I have a few tutorials to help you out with this process including how to get started, smart renewal and dual certificates. But this is all great, right? What's the problem here? The problem is when things don't go according to plan and you have a bad day.
We've been hacked
Nobody ever wants to hear those words but the sad reality is that we do, more often than any of us would like. Hackers can go after any number of things when they gain access to our servers and often one of the things they can access is our private key. The certificates we use for HTTPS are public documents, we send them to anyone that connects to our site, but the thing that stops other people using our certificate is that they don't have our private key. When a browser establishes a secure connection to a site, it checks that the server has the private key for the certificate it's trying to use, this is why no one but us can use our certificate. If an attacker gets our private key though, that changes things.
Now that an attacker has managed to obtain our private key, they can use our certificate to prove that they are us. Let's say that again. There is now somebody on the internet, that can prove they are you, when they are not you. This is a real problem and before you think 'this will never happen to me', do you remember Heartbleed? This tiny bug in the OpenSSL library allowed an attacker to steal your private key and you didn't even have to do anything wrong for it to happen. On top of this there are countless ways that private keys are exposed by accident or negligence. The simple truth is that we can lose our private key and when this happens, we need a way to stop an attacker from using our certificate. We need to revoke the certificate.
In a compromise scenario we revoke our certificate so that an attacker can't abuse it. Once a certificate is marked as revoked the browser will know not to trust it, even though it's valid. The owner has requested revocation and no client should accept it.
Once we know we've had a compromise we contact the CA and ask that they revoke our certificate. We need to prove ownership of the certificate in question and once we do that, the CA will mark the certificate as revoked. Now the certificate is revoked, we need a way of communicating this to any client that might require the information. Right now the browser doesn't know and of course, that's a problem. There are two mechanisms that we can use to make this information available and they are a Certificate Revocation List (CRL) or the Online Certificate Status Protocol (OCSP).

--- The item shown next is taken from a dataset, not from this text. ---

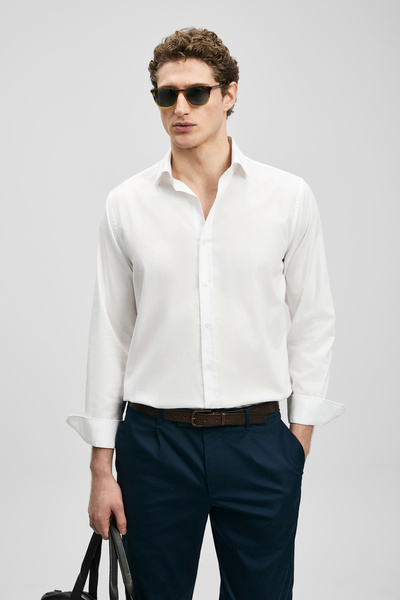 Lufian Verder Erkek Basic Shirt Regular Fit White
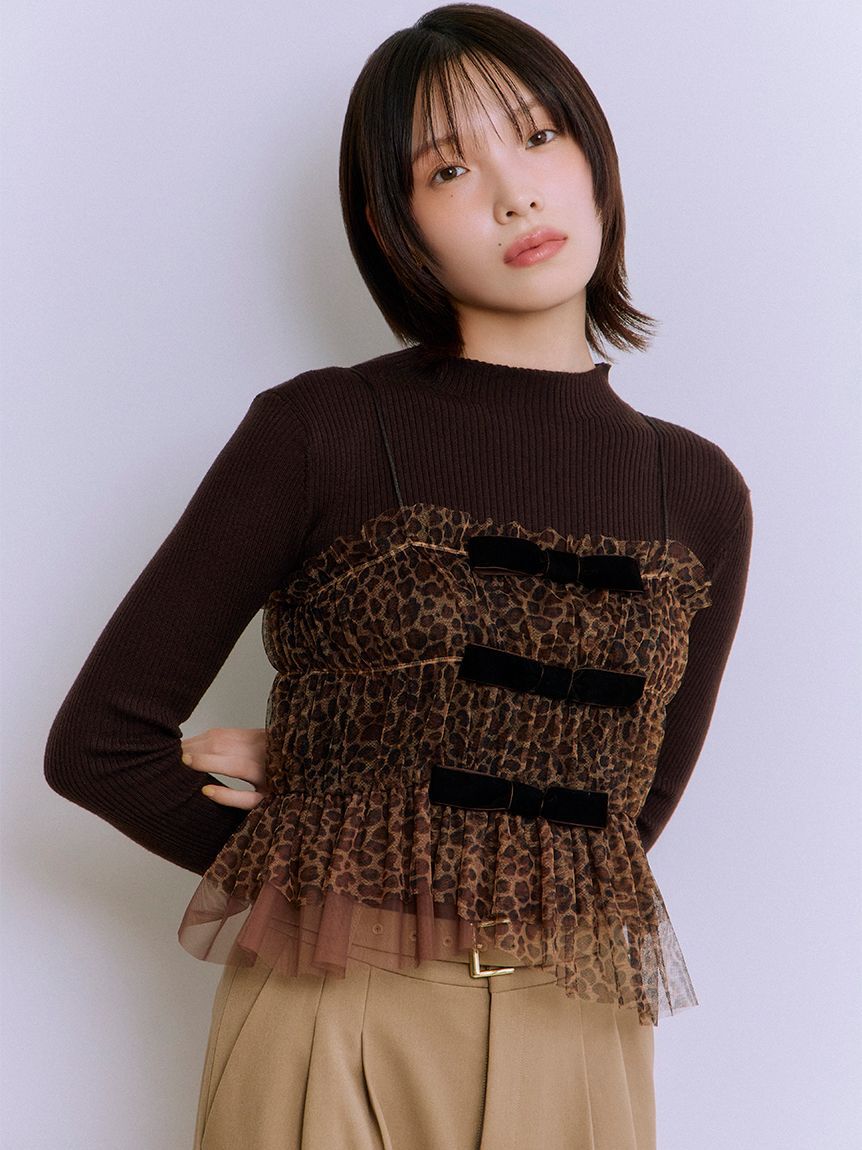 LILY BROWN「リボンビスチェセットニットトップス」|ニット・セーター|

Certificate Revocation Lists
A CRL is a really simple concept and is quite literally just a list of all certificates that a CA has marked as revoked. A client can contact the CRL Server and download a copy of the list. Armed with a copy of the list the browser can check to see if the certificate it has been provided is on that list. If the certificate is on the list, the browser now knows the certificate is bad and it shouldn't be trusted, it will throw an error and abandon the connection. If the certificate isn't on the list then everything is fine and the browser can continue the connection.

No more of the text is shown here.